The Stavelot Bible is a Romanesque illuminated manuscript Bible in two volumes datable to 1093-1097. It was produced for, but not necessarily in, the Benedictine monastery of Stavelot, in the Principality of Stavelot-Malmedy of modern Belgium, and required four years to complete. It was probably the main liturgical Bible of the monastery, kept on the altar of the abbey church or in the sacristy, rather than in the library. It is one of the most important Mosan manuscripts of the last quarter of the 11th century, and shares some of its scribes and artists with the earlier Lobbes Bible and a manuscript of Josephus, in all of which a monk called Goderannus was at least a scribe, and possibly the main artist.[1] For many years it was in the Royal Library at Bamberg,[2] until it was acquired by the British Library in London,[3] where it is catalogued as Additional Ms 28106 and 28107. The pages measure 581 x 390 mm, and there are 228 and 240 leaves in the two volumes.[4]

Authorship[edit]

Both volumes of the book were written by two Benedictine monks, the calligraphers Brother Ernest (or Ernesto) and Brother Goderannus. Goderannus had the habit, helpful to modern scholars, of adding colophons with some detailed information to his manuscripts. In the Stavelot Bible a colophon records that the work took four years, including the illuminations and what was no doubt a magnificent metalwork treasure binding. The task was finished when "Jerusalem was under attack by many peoples", in other words during the First Crusade.

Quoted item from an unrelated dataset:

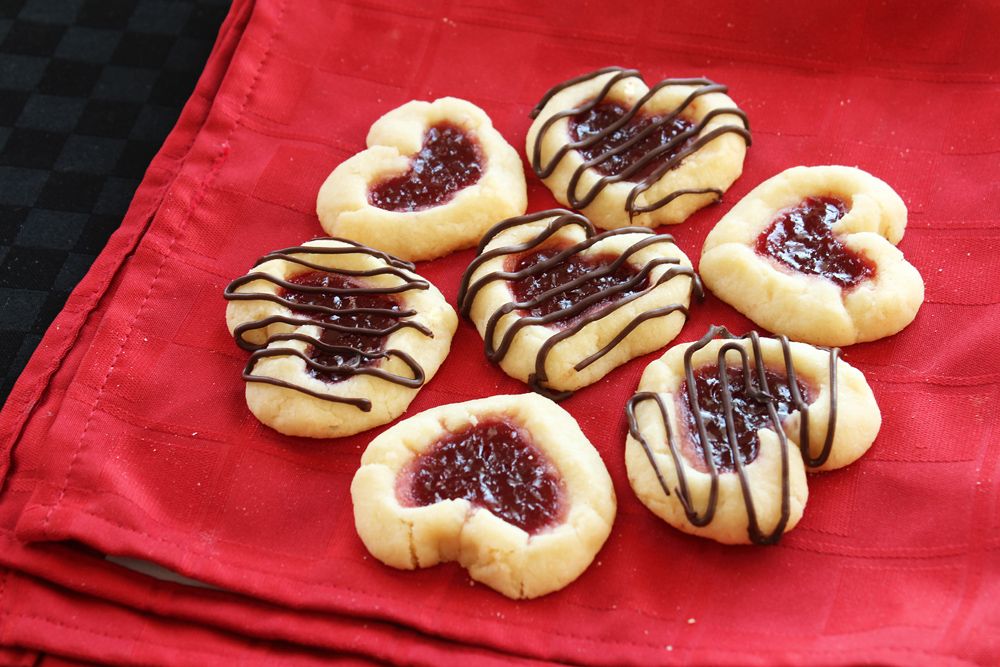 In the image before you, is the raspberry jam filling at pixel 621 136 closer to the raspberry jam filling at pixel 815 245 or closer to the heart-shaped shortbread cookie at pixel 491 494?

Goderannus had written the Lobbes Bible, which another colophon dates to 1084; at that time he was a monk of Lobbes Abbey, but it is assumed that he had moved to Stavelot in the intervening years, as the Josephus was also made for the abbey there.[5] Many scholars believe that he was also the main artist for the miniatures in both manuscripts, although it is agreed that at least four hands were involved in the miniatures in the Stavelot Bible.[6] In particular, the most famous miniature, the image of Christ in Majesty (shown to the right) was contributed by a different artist,[7][8] sometimes termed the "Master of the Holy Majesty", who may have been a layman.[9] It has even been suggested that it is a later addition to the manuscript, considering its advanced technique for the time, although most scholars find this theory unlikely, given that other artists of the region were known to demonstrate similar precocity at the time.[1] A number of other miniatures are also attributed to this artist, including the arcades over the canon tables. In general the artists worked roughly on stretches of books in the Biblical sequence, so that, for example, the Pentateuch initials are all by the same hand.[4]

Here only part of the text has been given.